O fato de um candidato ter recebido dinheiro do fundo e não ter tido voto não significa por si só uma ilegalidade. É preciso haver uma análise, pela Justiça e pelo Ministério Público, de cada caso.

MULHERES SEM NEM UM VOTO

Entre os seis candidatos que efetivamente disputaram as eleições e apareceram nas urnas, mas não tiveram votos, todos são mulheres. Quem recebeu mais dinheiro do fundo eleitoral foi Cristina Barbosa (Solidariedade),  candidata a vereadora em Cariacica, que ganhou R$ 1.080 do partido. Ela teve uma despesa de R$ 750 na campanha. A reportagem não conseguiu contato com Cristina.

Entre os 44 candidatos, há 24 mulheres e 20 homens. Pela lei, os partidos são obrigados a ter no mínimo 30% de candidatos de um gênero e 70% de outro. Na prática, às mulheres é destinado o menor percentual. Em eleições anteriores muitas das candidaturas femininas foram apresentadas para cumprir apenas os requisitos legais ou ainda para que o dinheiro destinado a elas fosse, na verdade, usado por outros candidatos, sendo identificadas como candidaturas laranjas.

O QUE ACONTECE

O fato de candidatos terem recebido recursos públicos do fundo eleitoral e não terem disputado as eleições, por terem sido barrados ou renunciado, ou não terem recebido nem um voto pode se tornar alvo de investigação por parte do Ministério Público Eleitoral, que é o "fiscal da eleição", como explica o advogado e  membro do Instituto de Direito Político Eleitoral e Administrativo (IDIPEA) Alberto Rollo.

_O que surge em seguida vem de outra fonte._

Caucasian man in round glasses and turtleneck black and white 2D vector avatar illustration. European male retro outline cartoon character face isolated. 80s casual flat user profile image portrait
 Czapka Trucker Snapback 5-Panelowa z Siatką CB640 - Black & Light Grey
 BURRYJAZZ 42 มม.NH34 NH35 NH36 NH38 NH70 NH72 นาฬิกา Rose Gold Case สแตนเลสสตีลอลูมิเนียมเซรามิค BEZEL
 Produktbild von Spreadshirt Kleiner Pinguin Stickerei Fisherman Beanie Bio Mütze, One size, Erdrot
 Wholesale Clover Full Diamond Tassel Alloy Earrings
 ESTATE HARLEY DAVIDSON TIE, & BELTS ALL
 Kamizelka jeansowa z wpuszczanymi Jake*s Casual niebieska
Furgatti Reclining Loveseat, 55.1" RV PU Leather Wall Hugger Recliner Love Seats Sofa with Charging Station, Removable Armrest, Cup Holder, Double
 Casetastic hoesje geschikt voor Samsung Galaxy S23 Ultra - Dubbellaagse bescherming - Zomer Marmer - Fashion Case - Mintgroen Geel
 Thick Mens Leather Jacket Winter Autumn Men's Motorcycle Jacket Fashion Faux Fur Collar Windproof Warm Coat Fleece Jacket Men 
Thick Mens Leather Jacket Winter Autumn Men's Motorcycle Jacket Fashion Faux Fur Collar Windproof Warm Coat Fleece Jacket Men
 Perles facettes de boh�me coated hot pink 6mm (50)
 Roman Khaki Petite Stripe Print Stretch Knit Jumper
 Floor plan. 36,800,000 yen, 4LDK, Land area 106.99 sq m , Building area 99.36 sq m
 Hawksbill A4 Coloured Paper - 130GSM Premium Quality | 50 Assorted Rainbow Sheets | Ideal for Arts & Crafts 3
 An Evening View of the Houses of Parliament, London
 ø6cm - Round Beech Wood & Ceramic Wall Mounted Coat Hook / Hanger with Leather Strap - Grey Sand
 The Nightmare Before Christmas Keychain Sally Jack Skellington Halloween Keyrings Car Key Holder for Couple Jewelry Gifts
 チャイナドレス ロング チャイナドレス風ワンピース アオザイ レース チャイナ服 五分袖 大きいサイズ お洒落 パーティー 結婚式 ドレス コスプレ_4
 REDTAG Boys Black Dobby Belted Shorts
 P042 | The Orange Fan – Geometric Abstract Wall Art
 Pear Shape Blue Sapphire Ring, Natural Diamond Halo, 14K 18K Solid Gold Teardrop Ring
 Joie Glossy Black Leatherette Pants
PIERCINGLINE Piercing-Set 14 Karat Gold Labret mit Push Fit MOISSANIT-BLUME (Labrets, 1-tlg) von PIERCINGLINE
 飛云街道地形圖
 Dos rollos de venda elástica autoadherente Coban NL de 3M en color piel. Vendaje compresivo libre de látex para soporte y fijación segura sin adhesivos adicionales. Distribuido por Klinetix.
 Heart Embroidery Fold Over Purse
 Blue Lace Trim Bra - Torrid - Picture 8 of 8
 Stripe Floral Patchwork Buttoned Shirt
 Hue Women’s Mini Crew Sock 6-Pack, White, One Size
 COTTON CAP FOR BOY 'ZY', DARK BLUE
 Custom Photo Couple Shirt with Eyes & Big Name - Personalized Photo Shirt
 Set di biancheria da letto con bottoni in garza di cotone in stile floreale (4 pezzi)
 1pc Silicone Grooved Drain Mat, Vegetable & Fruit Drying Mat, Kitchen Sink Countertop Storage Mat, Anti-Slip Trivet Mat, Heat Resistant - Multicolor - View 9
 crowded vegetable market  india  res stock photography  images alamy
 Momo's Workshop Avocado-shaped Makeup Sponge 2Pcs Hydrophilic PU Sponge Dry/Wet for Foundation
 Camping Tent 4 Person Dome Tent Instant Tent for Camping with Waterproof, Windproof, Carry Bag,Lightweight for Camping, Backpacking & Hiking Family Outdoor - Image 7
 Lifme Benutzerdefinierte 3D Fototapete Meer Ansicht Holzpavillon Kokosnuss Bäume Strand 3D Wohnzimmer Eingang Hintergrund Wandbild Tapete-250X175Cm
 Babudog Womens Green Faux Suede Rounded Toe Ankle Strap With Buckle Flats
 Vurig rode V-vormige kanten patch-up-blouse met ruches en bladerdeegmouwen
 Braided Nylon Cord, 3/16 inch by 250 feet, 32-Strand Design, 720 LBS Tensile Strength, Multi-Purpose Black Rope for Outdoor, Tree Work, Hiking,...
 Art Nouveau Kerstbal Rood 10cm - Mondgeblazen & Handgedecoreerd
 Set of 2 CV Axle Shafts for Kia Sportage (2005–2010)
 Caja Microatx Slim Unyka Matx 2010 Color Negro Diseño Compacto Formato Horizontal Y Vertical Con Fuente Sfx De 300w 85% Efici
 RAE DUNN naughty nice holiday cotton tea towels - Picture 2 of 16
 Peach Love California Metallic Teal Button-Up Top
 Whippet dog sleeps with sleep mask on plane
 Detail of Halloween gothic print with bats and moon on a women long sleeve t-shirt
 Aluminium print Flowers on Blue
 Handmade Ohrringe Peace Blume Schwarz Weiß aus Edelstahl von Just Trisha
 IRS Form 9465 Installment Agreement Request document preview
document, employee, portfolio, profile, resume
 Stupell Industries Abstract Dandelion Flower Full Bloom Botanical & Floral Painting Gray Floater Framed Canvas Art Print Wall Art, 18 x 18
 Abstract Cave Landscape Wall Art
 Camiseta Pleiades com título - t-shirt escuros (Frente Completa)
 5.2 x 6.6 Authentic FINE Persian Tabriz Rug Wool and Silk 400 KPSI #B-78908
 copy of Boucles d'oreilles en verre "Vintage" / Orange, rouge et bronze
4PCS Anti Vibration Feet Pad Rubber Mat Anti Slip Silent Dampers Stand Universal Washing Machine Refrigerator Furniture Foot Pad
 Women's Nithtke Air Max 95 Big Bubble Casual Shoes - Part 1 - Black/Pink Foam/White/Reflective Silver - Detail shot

"Tudo isso é indício de fraude eleitoral. Principalmente aqueles que receberam recursos na campanha, gastaram e depois renunciaram, ou quem teve o registro deferido e disputou, mas não teve votos. Pode haver desvios para outras finalidades. Mas também há aqueles que realmente fizeram a campanha, mas não puderam concorrer. Os candidatos vão precisar ter nota fiscal, mostrar que gastaram o dinheiro da forma correta", explicou.

O Ministério Público pode entrar com ações questionando um possível uso irregular do fundo eleitoral até seis meses após a prestação de contas feita pelos candidatos. 

Ainda segundo o advogado, se os candidatos receberam os recursos, mas não gastaram, por terem tido a candidatura barrada ou renunciado, eles têm como devolver o dinheiro. "O fundo eleitoral é depositado em uma conta especial. Como ela vai ser fechada, o candidato pode devolver para o partido que, ao prestar contas, pode devolver para a União", destacou.